On July 28, an NRSRO disclosed that it had received a Wells notice from the SEC, signaling a preliminary decision to recommend an enforcement action against the company. This notice stems from an ongoing SEC investigation into the NRSRO’s credit rating subsidiary’s recordkeeping practices, namely its “compliance with recordkeeping requirements for certain credit ratings-related communications sent over unapproved electronic messaging channels.”
As discussed in prior alerts (see here), the SEC has long been interested in the use of off-channel communications. On October 6, 2021, Gurbir Grewal highlighted this area as a compliance priority in his first public speech as the Enforcement Director. Grewal outlined two significant concerns regarding registrants engaging in business-related communications outside of their firm’s approved channels, a practice he referred to as “off-channel communications.” First, Grewal suggested that the practice may violate registrants’ recordkeeping obligations, which are essential to market integrity and enforcement. Second, he warned that off-channel communications could potentially hinder SEC investigations. Grewal revealed that the SEC staff had observed, during multiple investigations, instances where entities failed to retain and produce these off-channel communications. This failure was seen to cause unnecessary delays and obstructions in the investigations. After that speech, the SEC initiated a broad sweep which has resulted in the collection of nearly $2 billion in fines from settlements with almost two dozen registered entities.

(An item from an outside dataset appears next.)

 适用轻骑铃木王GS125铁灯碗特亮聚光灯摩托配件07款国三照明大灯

The NRSRO’s disclosure represents a significant development in the ongoing sweep, as it would be the first settlement with an entity other than a broker-dealer or registered investment adviser (RIA). It signals the expansion of the sweep to other types of regulated entities with broad recordkeeping requirements, akin to those of broker-dealers and RIA's which have been the prior focus of the sweep.

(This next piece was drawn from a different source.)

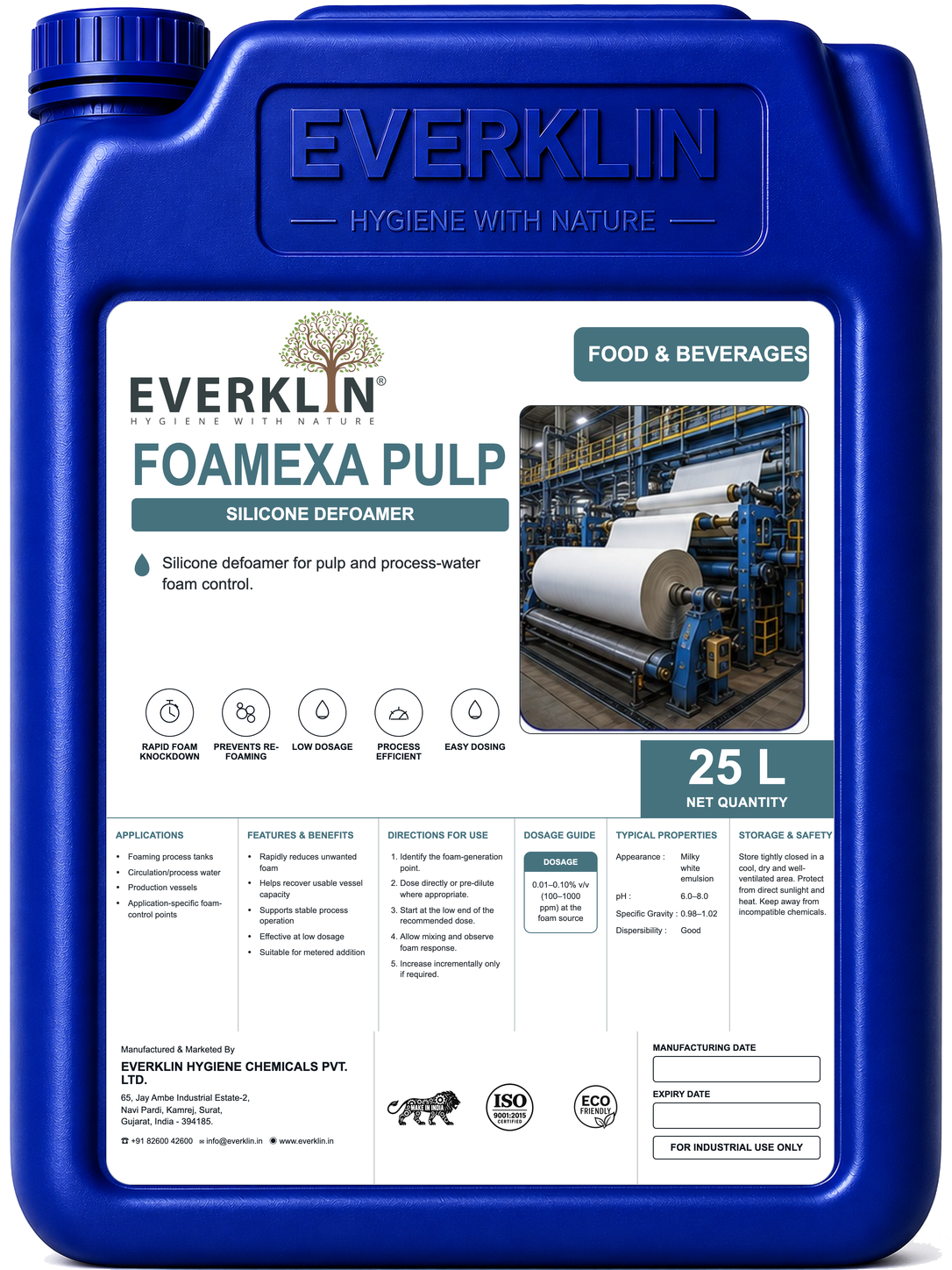 FOAMEXA PULP Everklin product pack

The NRSRO in question faces a potential enforcement action alleging violations of Rule 17g-2, a regulation governing the records to be maintained and retained by NRSROs. This includes all communications, including electronic communications, “received and sent by the nationally recognized statistical rating organization and its employees that relate to initiating, determining, maintaining, monitoring, changing, or withdrawing a credit rating.”
Other entities regulated by SEC recordkeeping rules, including national securities exchanges, national securities associations, registered clearing agencies, and municipal advisors, are also required to preserve all forms of written communications under rules such as 17a-1 and 15Ba1-8. Under Rule 17a-1, national securities exchanges, national securities associations, registered clearing agencies and the Municipal Securities Rulemaking Board must maintain all correspondence “relating to its business as such and in the conduct of its self-regulatory activity.” Under Rule 15Ba1-8, municipal advisors must keep and maintain “all written communications received, and originals or copies of all written communications sent, by such municipal advisor (including inter-office memoranda and communications) relating to municipal advisory activities, regardless of the format of such communications.”
As the SEC expands its regulatory focus beyond broker-dealers and investment advisors, all regulated entities should brace for more rigorous scrutiny on this issue. This trend is underscored in the SEC's 2023 Examination Priorities, which pinpoint business-related communications as a key area of focus. It is therefore crucial for regulated entities to proactively assess, and enhance where necessary, their recordkeeping practices.